Every Different Commodity Had Its
Own Particular Place, Which Was Distinguished By An Appropriate Sign Or
Emblem.
There were dealers in gold, silver, feathers, jewels, mantles,
chocolate, skins both dressed and undressed, sandals, manufactures of the
roots and fibres of _nequen_, and so forth.
In one place great numbers of
male and female slaves were exposed for sale, most of whom were fastened
by the neck in leather collars to long poles. The market for provisions
was amply stocked with fowls, game, dogs, vegetables, fruit, articles of
food ready dressed, salt, bread, honey, sweet pastry or confectionary of
various kinds, and many other articles. Other parts of the great square
were appropriated for the sale of earthen ware, wooden furniture, such as
tables and benches, fire-wood, paper, hollow canes filled with tobacco and
liquid amber ready for smoking, copper axes, working tools of various
kinds, wooden vessels richly painted, and the like. In another part many
women sold fish, and small loaves of a kind of mud taken out of the lake
resembling cheese. The makers of stone blades were employed in shaping
them out of the rough materials.
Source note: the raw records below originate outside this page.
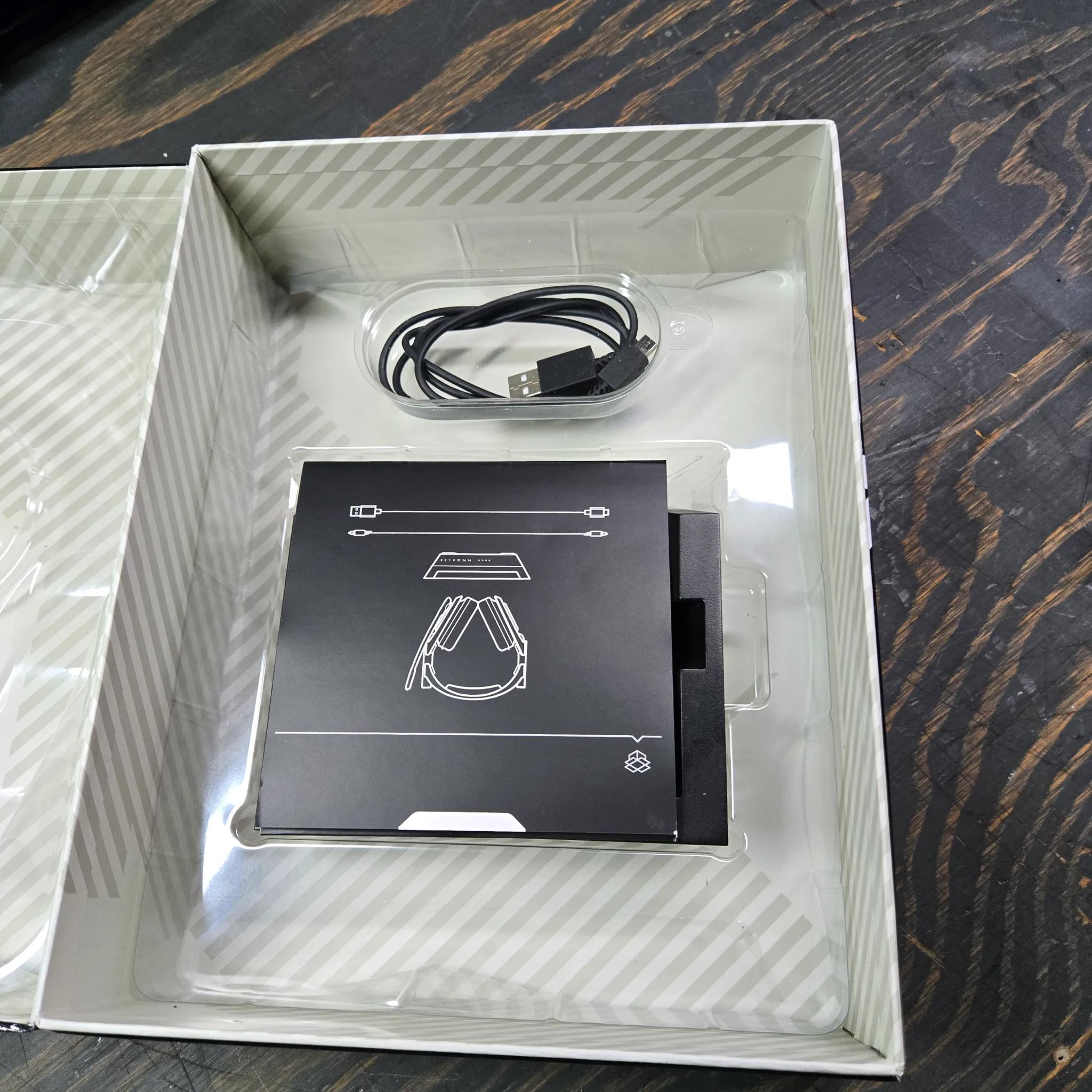 Like NEW Astro A50 + Base Station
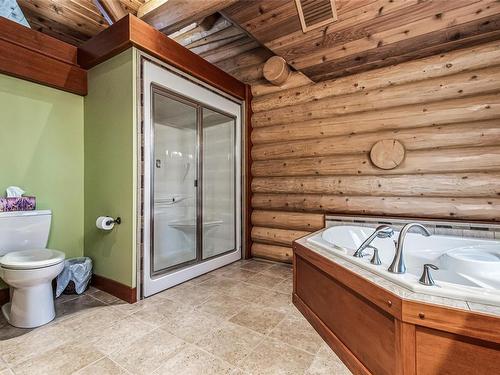 5095 Aho Rd, Ladysmith, BC - Indoor Photo Showing Bathroom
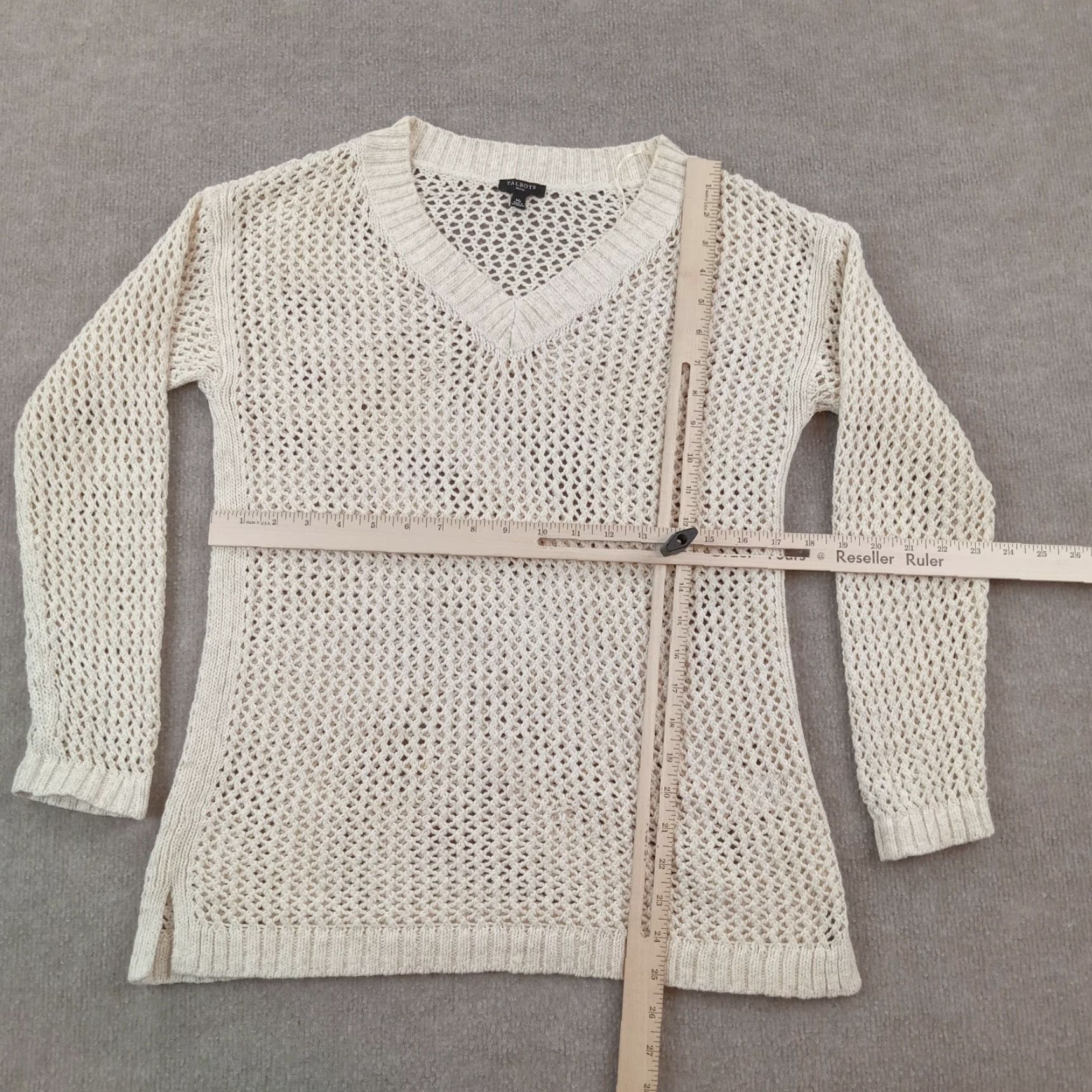 Talbots Talbots Beige V-Neck Sweater Womens Medium Petite Long Sleeve Cotton Open Knit Casual Pullover Size M / US 6-8 / IT 42-44 - 2 Thumbnail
The dealers in gold had the native metal
in grains as it comes from the mines, in transparent tubes or quills, so
that it could easily be seen; and the gold was valued at so many mantles,
or so many xiquipils of cocoa nuts, in proportion to the size of the
quills. The great square was enclosed all round by piazas, under which
there were great stores of grain, and shops for various kinds of goods.